If Gulzar’s poetry haunts you with its soft-sad, romantic, surreal and philosophical qualities — all in a sweep — as a person Gulzar is no less intense. The sleepless nights that he spent beside the ailing Bimalda’s bed, the roza he kept for Meena Kumari when the actress was ill, and his relationship with R.D. Burman who he says was the “anchor of his life” — his poems cannot help being what they are. In an interview, Gulzar recalling RD, said “I spent so many years with Pancham, we would drum our fingers on the walls, on the dashboards of our cars and on the balustrades on the terrace to get the rhythm and the score for my lyrics right. He was such a restless soul. I miss him.” With a persona that’s so drawn to life, if Gulzar idolises Mirza Ghalib for reasons more than just poetry, it’s no surprise. By his own admission, “Ghalib’s poems, his lifestyle, his behaviour everything are a great inspiration. When people carried religion on their shoulders, Ghalib spoke of humanity. He lost seven children and carried a huge sadness within him. Yet, he was known for his sense of humour.”
Gulzar has haunted generations of Indians across the length and breadth of the country, as a lyricist, and a filmmaker.

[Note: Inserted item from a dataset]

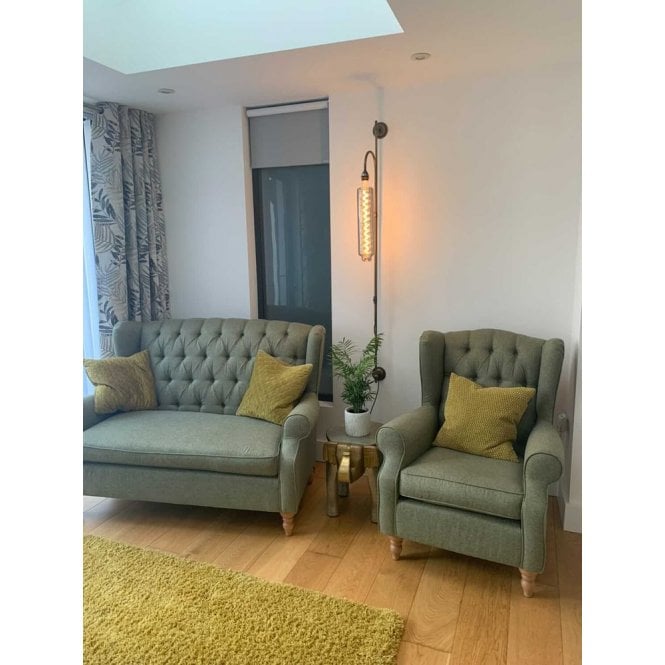 armchair and sofa with plug in wall light.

Many at the Literary Festival saw him through the great pieces of poetry he wrote for films; but Gulzar wasn’t particularly flattered. “It somehow always comes back to films,” he quipped light-heartedly, as he read his nazms to an audience that seemed to know them all. “Nothing misses his eye,” said Sanjana Roy Choudhury, who moderated Gulzar’s poetry session. “The richness of his poetry lies in the vivid imagery. His poems on the same subject evoke completely different tones, textures, moods and colours,” she added. Gulzar read two nazms on rain – one spoke of how rain battered the poor and homeless, and the other celebrated its beauty in evocative splendour (“Paani ko lag jaata hain paanv”). In “Mein kuch kuch bhoolta jaata hoon” – a poem on memory and separation – Gulzar writes, “It’s a long time since I soaked in the rain of your voice.”

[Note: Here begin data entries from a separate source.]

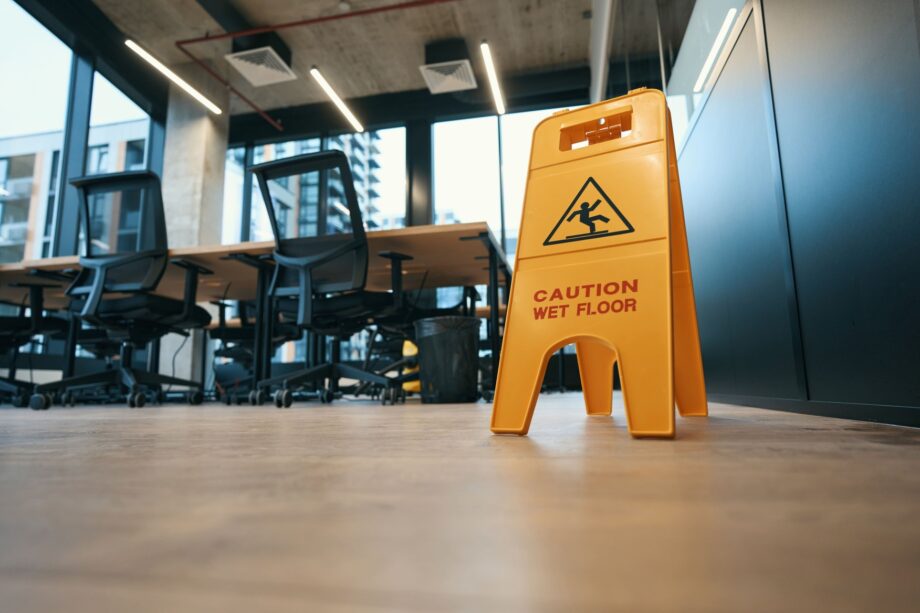 Wet floor caution sign in a Dallas modern office
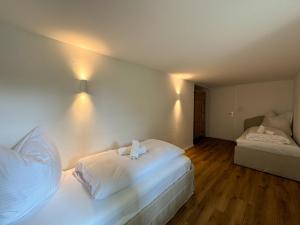 Postel nebo postele na pokoji v ubytování Ferienhaus mit Aussicht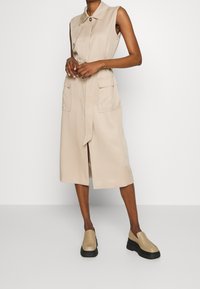 Beżowa sukienka bez rękawów z przodem na guziki, dwoma przednimi kieszeniami, talią z paskiem i długością do kolan. Do tego beżowe wsuwane buty.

The audience was full of requests, and the most affable Gulzar did take them. In a style and a voice that’s so winning, the poet read “Makaan ki oopri manzil mein ab koi nahin rehta”, “Kuch kuch uski baton se mein ab sehmat hoon” and many others to a huge gathering of poetry lovers who got excited with each word. “Nazm is not just what the image communicates; scratch and there’s more,” he insisted that the craft of poetry has to be learnt like the basics of music. Making a rather important observation about the rise of literary festivals, Gulzar said, “the demand for regional cinema is going down, but local literary festivals are on the rise. You cannot suppress local cultures.”
Many of Gulzar’s poems speak of the pain of Partition (his home in Punjab is now in Pakistan). He read his famous poem, “Subah subah ik khwab ki dastak par darwaza khola, dekha…”, and followed it with “a revised version” of it.
The optimist that Gulzar is, and a great believer in democracy, he expressed his immense admiration for the younger brigade of writers — ‘they are honest and outspoken’.
There was no way Gulzar saab could leave – a huge queue for autographs, photographs, aspiring poets wanted advice, and some just wanted to stand in his vicinity. Gulzar had space for all, a word for everyone and a smile for even the sundry.
Just moments ago, Gulzar had recited “Aaya tha, mila thaa, chalaa gayaa”.